#### GIVEN RECORDS ####

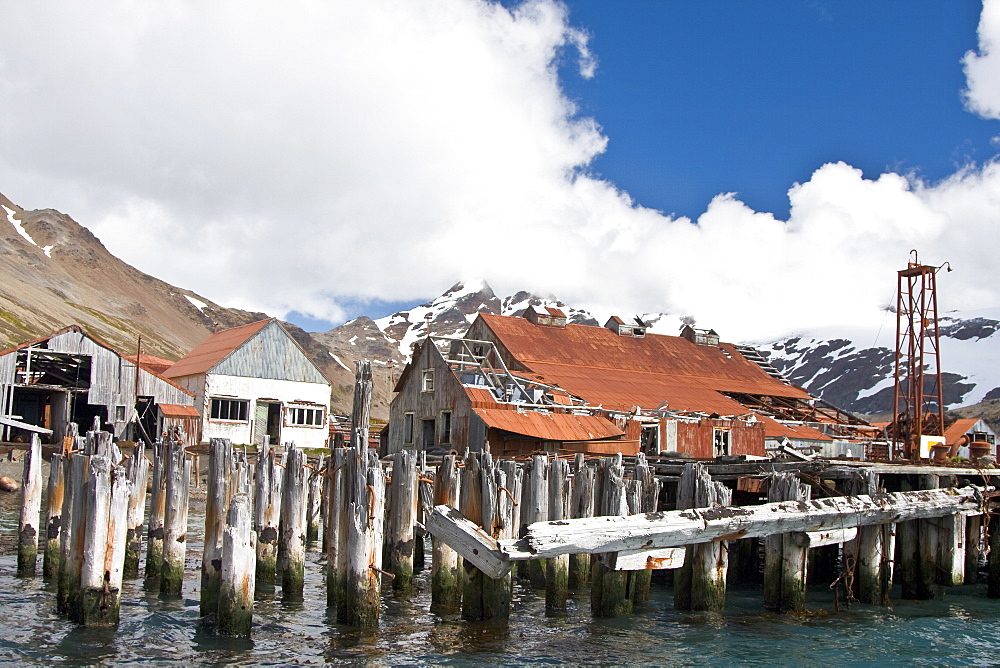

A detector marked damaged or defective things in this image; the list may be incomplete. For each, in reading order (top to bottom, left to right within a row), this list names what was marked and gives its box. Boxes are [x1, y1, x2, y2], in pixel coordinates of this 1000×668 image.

rusted red roof [164, 318, 274, 378]
rusted red roof [476, 312, 812, 412]
rusty metal tower [896, 250, 948, 460]
rusted red roof [158, 402, 199, 418]
broken window [209, 396, 250, 422]
rusted red roof [470, 408, 620, 444]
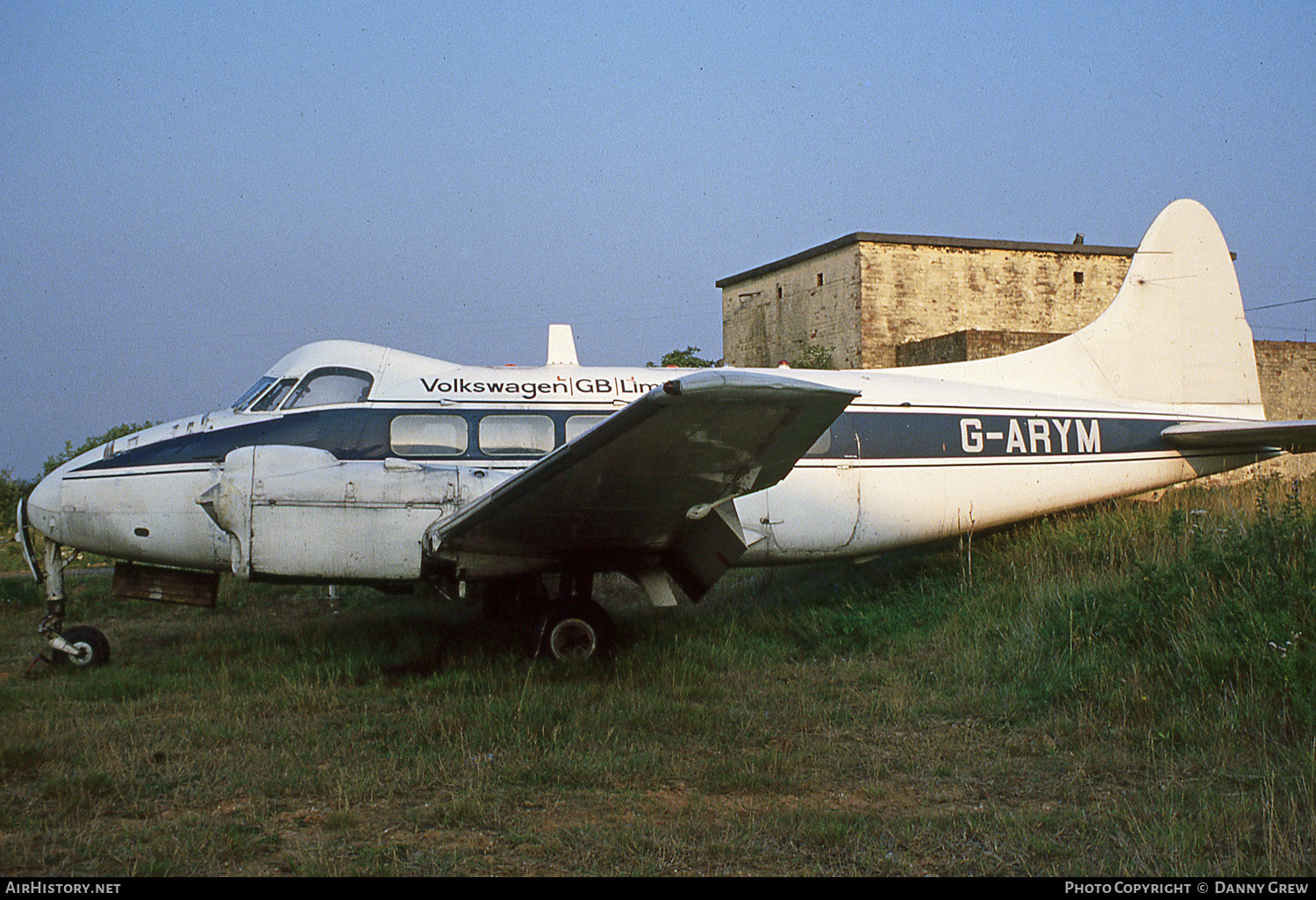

####

WHAT NEEDS TO BE DONE. Copy every record exactly, dropping the images.

ANSWER TO THE PROBLEM.
A detector marked damaged or defective things in this image; the list may be incomplete. For each, in reading order (top to bottom, left to right within a row), this list names what was marked and gives its box. Boxes are [x1, y1, x2, y2], in pixel coordinates of this 1000×668 image.

rusted red roof [164, 318, 274, 378]
rusted red roof [476, 312, 812, 412]
rusty metal tower [896, 250, 948, 460]
rusted red roof [158, 402, 199, 418]
broken window [209, 396, 250, 422]
rusted red roof [470, 408, 620, 444]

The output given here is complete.